Merkle Tree

They are a hash based data structure that generalize the concept of a hash list. Each leaf node is a hash of a block of data, and each non-leaf node is a hash of the concatenation of its children. Usually, they are build as binary trees, although thats not a requirement.

Merkle Tree

With them we can efficiently validate data across a network.

At the most basic level, we can compare two trees for identity by comparing the root. The root is a representation of the whole data set. The change of any single leaf at the bottom bubbles up to the root. This is not only wonderful because it reduces the number of comparisons we need to perform, it is even better because it reduces the amount of data we need to dispatch over a network. Typically 32 bytes, instead of, perhaps, GBs worth of content.

Root Equality

But wait, if all we want is to check the integrity of a potentially huge file, why bother with a tree data structure. We can hash the file, are we are done.

That’s correct. If we only want to check the integrity of a data set, a hash is enough. We do build the tree because it is convenient to perform partial verifications. In a peer to peer network, we can verify subsets as we receive them. Even further, we might be interested only in a a subset, and we the tree structure, we can validate the portion we need.

If we receive the root from a trusted source, then we can ask for the pieces from any source. We can later verify the integrity of the whole or a subset later.

Proof of membership

Let’s pretend we want to check if D is part of a tree.

First, we need to get the path to the leaf we want to evaluate. Once we have that path, we need to produce a proof. Essentially, a road map to traverse the tree, rebuilding the portions that we need.

Proof of Membership

Proof

To build up the proof, we can move down from the root, following the path to the leaf, and annotating our journey. We will find three types of nodes.

A leaf
A node in our path
A sibling of a node in our path

A simple algorithm would demand a bitfield to annotate information about the node we are visiting, and a list to save node data that we will need later to compute the tree.

If the node we are visiting is a leaf, we enter a 1 into the bitfield and we add the node to the list
If the node is in our path, we push a 1 to the bitfield, and we calculate its value traversing left and right.
Otherwise we introduce a 0 to our bitfield, and we move back to the parent.

Starting at the root ABCDEEEE, which obviously is in our path, we have:

Bitfield = 0b1
Hashes = []

ABCD is in our path:

Bitfield = 0b11
Hashes = []

AB is not in our path, let’s add a zero to the bitfield and save AB to the hashes list

Bitfield = 0b110
Hashes = [`AB`]

Back to ABCD, we traverse to the right. CD is in the path.

Bitfield = 0b1101
Hashes = [`AB`]

Now we are at the leaves level, let’s add both to the hashes

Bitfield = 0b110111
Hashes = [`AB`, `C`, `D`]

Since we completed the left branch of the root, we should go right, were we find a node which is not part of our path.

Bitfield = 0b1101110
Hashes = [`AB`, `C`, `D`, `EEEE`]

Membership validation

We have our proof, and we know that, since we have 5 leaves, the height of our tree is four¹.

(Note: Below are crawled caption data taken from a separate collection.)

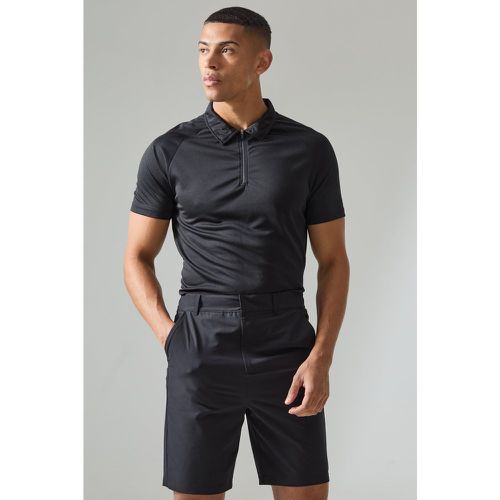 Polo de golf zippé - MAN Active - L - Boohooman - Modalova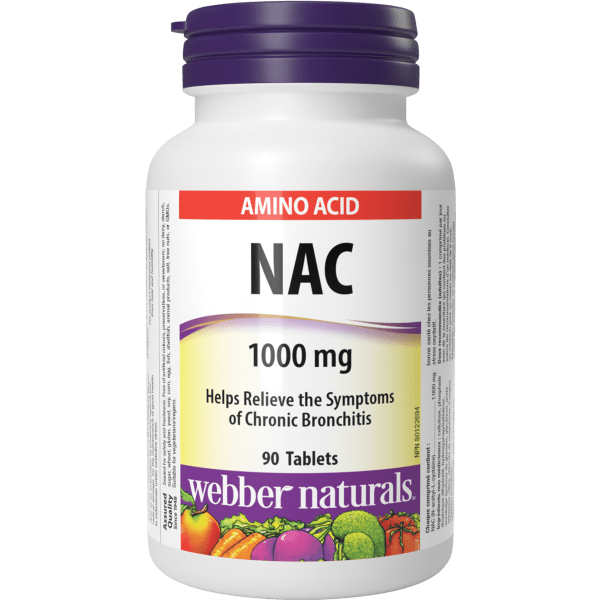 NAC  1000 mg  90 Tablets, image-hi-res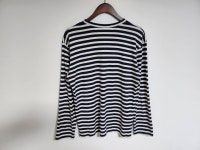 꼼데가르송(Comme Des Garcons) | 꼼데가르송 네이비 스트라이프 하트와펜 긴팔티셔츠 사이즈 L [L] 남성 C0419 중고 76458919 | 트렌비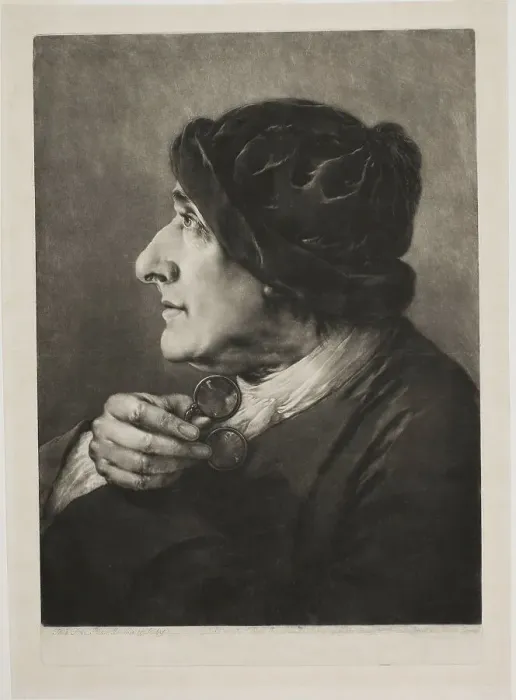 Framed Print : Old Man with Spectacles, from Life-Sized Heads, 1760. Creator: Thomas Frye Framed Print : Old Man with Spectacles, from Life-Sized Heads, 1760. Creator: Thomas Frye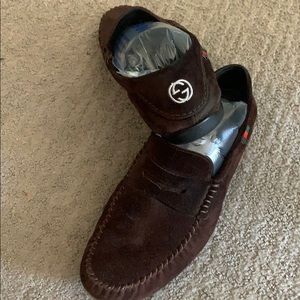 Gucci brown moccasins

Now we can build a partial tree, and hopefully, find out that the root is the same (and thus, we will verify the integrity of the actual tree, and that the leaf under evaluation is, actually, part of it).

Membership Validation

If the bit extracted from the bitfield is 1, and we are not at the leaf level, we append an empty node (which value would be computed later) to the tree. If we found a 1, but we are at the leaves level, we pop the value from the hashes array. If the bit is zero, we also pop the value from the hashes list, and move back to the parent. All the way back until we find a node with a null right node, and then, we traverse that branch. In our case, we will end up with something like this.

And by filling the empty nodes, we end up calculating the root to validate the entire tree.

Use cases

Git use Merkle Trees to check for consistency across multiple repos.

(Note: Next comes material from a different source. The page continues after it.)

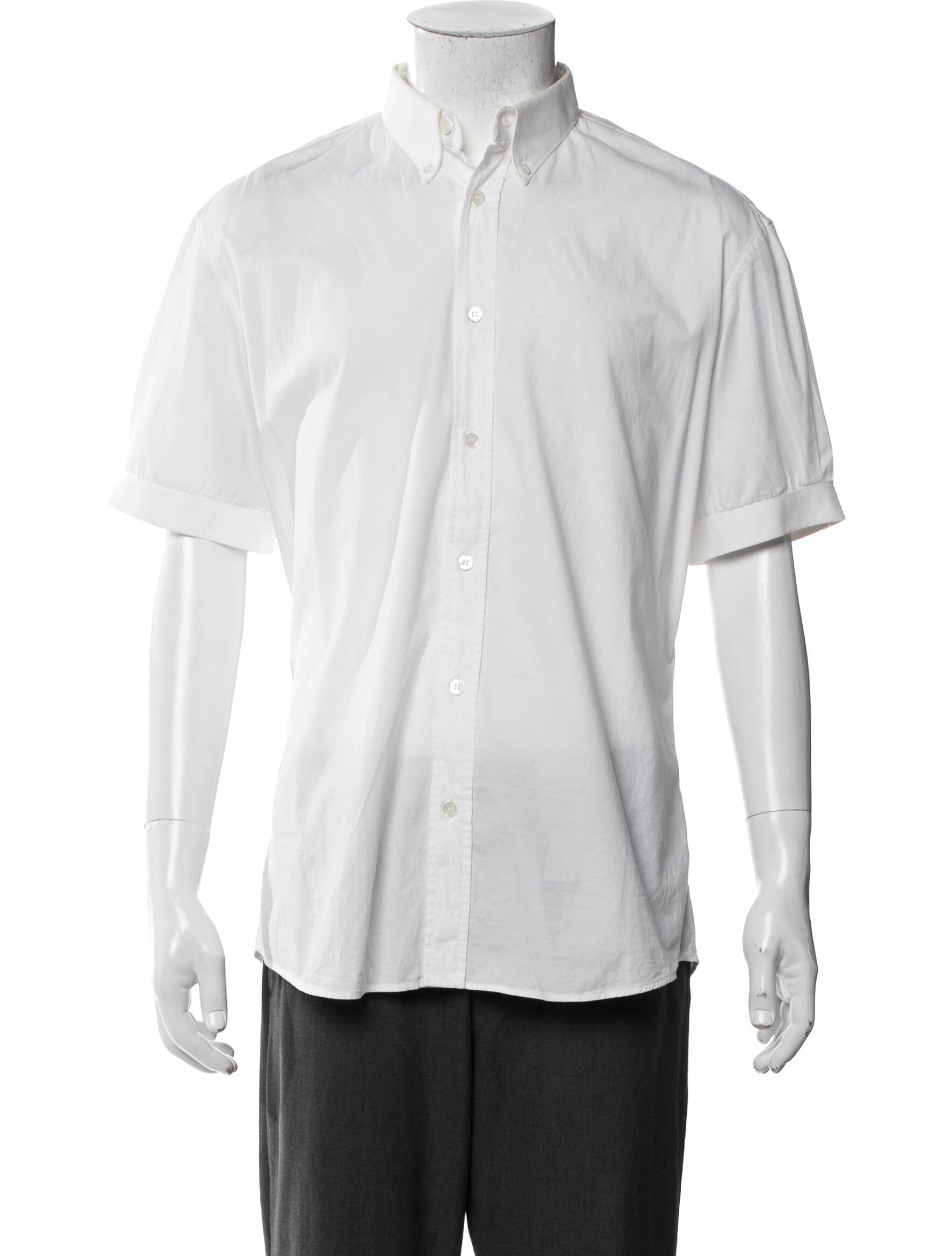 Alexander McQueen Short Sleeve Dress Shirt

Blockchain also use Merkle Trees to preserve block integrity. Each transaction is hashed, and a tree is computed. Altering a single transaction is unfeasible.

Merkle trees can be used to check for inconsistencies in more than just files and basic data structures like the blockchain. Apache Cassandra and other NoSQL systems use Merkle trees to detect inconsistencies between replicas of entire databases.

We can accommodate five leaves in a tree that will fit 8 leaves when perfectly balanced, and with that many leaves, we will have 15 nodes, and four levels ↩